Bu çökme dediğim şey ayaktan bildiğimiz Malasana’ya doğru yavaşça inip kalkmayı içeriyor, (‘yavaşça’ buradaki kilit sözcük oluyor). Tek farkı kollar omuzlarla aynı hizada geniş bir çember halinde, iki elin parmakları birbirine hafifçe değer vaziyette duruyor. Bu da bir süre sonra kürek kemiklerinin arasındaki pitta noktasının alev almasına yol açıyor. Daha doğrusu pozun bir şeye yol açtığı yok, benim bedenimdeki tıkanık noktaları nazikçe su yüzüne çıkartıyor o kadar. Daha fazla devam edemememdeki en büyük sebep, bacaklarım daha gidebilecekken sırtımın arkasına biri bir şey saplıyormuş gibi hissettiren bu pitta noktasıydı. Çökmeleri takiben 2. prelüde geçtim. Bir ara gözüm saate takıldı, 12:30 diyordu. Yanlış gördüm heralde, saat 13:30 filan olmalı diye düşündüm. Çökmeler zihnin zaman algısıyla öyle bir oynamıştı ki, ben başlayalı yirmi dakika olmuşken o çoktan bir saati devirdiğini sanmıştı. Bir saat!
Bugün udiyana bandhalardan da, Mayura’dan da pek hayır gelmedi. Ne simit ayransa üç saatte erimemiş. Azıcık bir ayrandı, üç saat sonra bile hala lıkır lıkır edip durdu içim. İşte sabah yogasına bir artı daha. Bomboş bir karın ile biraz boş bir karın arasında oldukça fark var. Zaten aç karnına yaptığınız yoganın sizi epey bir süre tok tuttuğunu da deneyimlemişsinizdir. O yüzden daha önce hiç denemediyseniz, sabah aç karnına yapacağınız bir yoga pratiğini deneyip farkı görün derim.

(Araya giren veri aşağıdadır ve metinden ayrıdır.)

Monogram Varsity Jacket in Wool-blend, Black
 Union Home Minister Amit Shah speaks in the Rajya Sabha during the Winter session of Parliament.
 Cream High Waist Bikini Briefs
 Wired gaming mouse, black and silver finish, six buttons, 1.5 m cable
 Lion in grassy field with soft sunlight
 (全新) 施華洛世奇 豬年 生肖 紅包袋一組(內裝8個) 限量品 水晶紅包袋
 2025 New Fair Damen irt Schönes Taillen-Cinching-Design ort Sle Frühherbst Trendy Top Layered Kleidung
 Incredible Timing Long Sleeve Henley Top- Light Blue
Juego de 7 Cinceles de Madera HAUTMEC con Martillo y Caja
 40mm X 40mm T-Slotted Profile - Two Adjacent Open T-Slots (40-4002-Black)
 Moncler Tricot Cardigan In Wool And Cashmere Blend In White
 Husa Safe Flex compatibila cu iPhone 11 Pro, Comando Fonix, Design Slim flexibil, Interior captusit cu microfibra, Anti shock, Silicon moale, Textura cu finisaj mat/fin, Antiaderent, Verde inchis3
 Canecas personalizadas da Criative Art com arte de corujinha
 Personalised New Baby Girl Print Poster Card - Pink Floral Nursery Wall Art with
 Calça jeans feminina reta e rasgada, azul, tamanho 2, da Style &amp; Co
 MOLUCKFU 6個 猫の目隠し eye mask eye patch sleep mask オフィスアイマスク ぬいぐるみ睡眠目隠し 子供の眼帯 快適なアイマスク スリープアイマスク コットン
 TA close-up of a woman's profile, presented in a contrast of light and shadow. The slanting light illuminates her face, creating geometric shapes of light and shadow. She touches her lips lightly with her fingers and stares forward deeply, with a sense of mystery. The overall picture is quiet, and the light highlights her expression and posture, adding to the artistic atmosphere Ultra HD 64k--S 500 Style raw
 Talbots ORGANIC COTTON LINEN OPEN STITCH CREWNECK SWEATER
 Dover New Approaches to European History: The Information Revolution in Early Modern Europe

Prelüdün arkasından sevdiğim bir seriyi yapıp, ardına Navasana’yı ekledim. Çökmelerden nasibini alan bacaklarla bu kayık beni yine titreten bir yer oldu. Pratiği kapatırken, komşunun süpürge sesi eşliğinde kısa bir Şavasana’ya uzandım. Kalkıp oturmalı bir kapanış yaptım. Bir gün belki şu ayının zerafetine ulaşırım diye heveslenip, kalan günlerde de Navasana’ya uğramayı aklımın bir kenarına not ettim!